“Weeping may endure for a night, but joy cometh in the morning.” Psalm 30:5.
My morning is here!
Declare it! Live it! Walk in it!
One of my favorite times of the day is waking up. Not the actual waking up part (sometimes that’s a little hard 😉 ), but when I finally get up, I get to draw back the curtains and see the new day. It’s untouched. It’s filled with hope and promise. Whatever happened yesterday is not here for this is today. It’s that freshness that draws me in and gets my soul stirred for the possibilities ahead.
When we go on vacation one of the places we stay at is a condo in the mountains. It’s so peaceful. With coffee in hand in the morning, I head out onto the balcony and sit to admire the new day. The only thing I hear is the birds singing their song. The deer break twigs and rustle leaves when they walk. Sometimes you see the groundhogs and other animals eating their meals for the day. You get this sense about you that this is the way it was meant to be.
And it makes me wonder about a time when all days were meant to be like this. When there was a time when all days started in innocence and nothing was yet corrupted. When there was a time that man walked freely in the Garden with God.
I love gardens and I declare one day I will have a nice one. I’m working on it. We were meant to live the garden lifestyle. We were designed to reign in innocence and peace. The world we live in today contradicts the fellowship we were created to have with God. We were to have an up-close relationship with Him. After the fall the Bible tells us, “And they heard the voice of the Lord God walking in the garden in the cool of the day…” (Gen. 3:8).

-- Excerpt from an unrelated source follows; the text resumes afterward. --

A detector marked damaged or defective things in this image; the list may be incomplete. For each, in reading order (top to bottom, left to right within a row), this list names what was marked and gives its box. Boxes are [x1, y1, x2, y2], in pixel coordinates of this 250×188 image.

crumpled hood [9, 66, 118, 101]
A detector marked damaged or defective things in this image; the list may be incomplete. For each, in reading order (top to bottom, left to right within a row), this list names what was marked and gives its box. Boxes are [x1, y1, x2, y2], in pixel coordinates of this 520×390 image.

Let your mind go back, not to the sin, but to the experience of being with God in the garden. Adam and Eve experienced God on a level that no other being will have the privilege to. Surely this was not the first time God had paid them a visit in this fashion for they knew what it sounded like when they heard Him in the garden. They had a realistic divine view of the Almighty here on earth.
What would it have been like to have the Sovereign of the universe, day by day to come and see about me? What would it have been like to verbally hear the mouth that spoke things into existence speaking to me? What would it have been like to hear Him moving among the garden with my own ears and to know it was the Lord? What would it have been like?

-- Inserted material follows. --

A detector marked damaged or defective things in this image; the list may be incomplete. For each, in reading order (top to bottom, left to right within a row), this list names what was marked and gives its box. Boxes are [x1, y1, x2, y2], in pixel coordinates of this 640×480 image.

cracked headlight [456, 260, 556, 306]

There, before the Fall, fellowship with God was uninterrupted by evil. There the beauty of all God is could be seen by those He created. There, peace was the predominant feeling because the shaker of peace had not entered the scene. There, God spoke directly to man unhindered by fleshly desires. There, it’s hard to imagine, but life was nothing but good because the man knew nothing but God.

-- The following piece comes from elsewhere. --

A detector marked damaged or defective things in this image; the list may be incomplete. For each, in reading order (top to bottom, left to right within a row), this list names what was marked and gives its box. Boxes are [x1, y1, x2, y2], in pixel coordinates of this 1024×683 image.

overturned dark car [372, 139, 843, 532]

Imagine the best backyard barbeque. We sit around laughing and enjoying the company of others. Not that we are bringing the Sacred down to our level but in our finite understanding can we imagine in the garden, Adam and God chit-chatting about the day, about the animals, or about life in general? Can we imagine the way Adam’s heart must have felt assured every time He heard the voice of God speak to him? Can we imagine that when Eve was presented to her husband there was no fear, only love, because that’s all they ever received was love on the earth? Can we really imagine?
It may be hard for our minds to fathom such an age of innocence and honesty. It’s hard for us to see what this must have been like because now our view has been corrupted by sin. But I imagine it was glorious. It was nothing like we’ll ever know here on earth. In that garden, during that time, beauty is all that was seen with our eyes and with our hearts. God was all that was known. Oh, imagine.
It’s hard to put into words when everyone was right before God. It’s hard to describe from one’s soul a place of longing but never viewing. It’s hard to capture the essence of what being with God was like there, and yet my heart still yearns to know what would it have been like?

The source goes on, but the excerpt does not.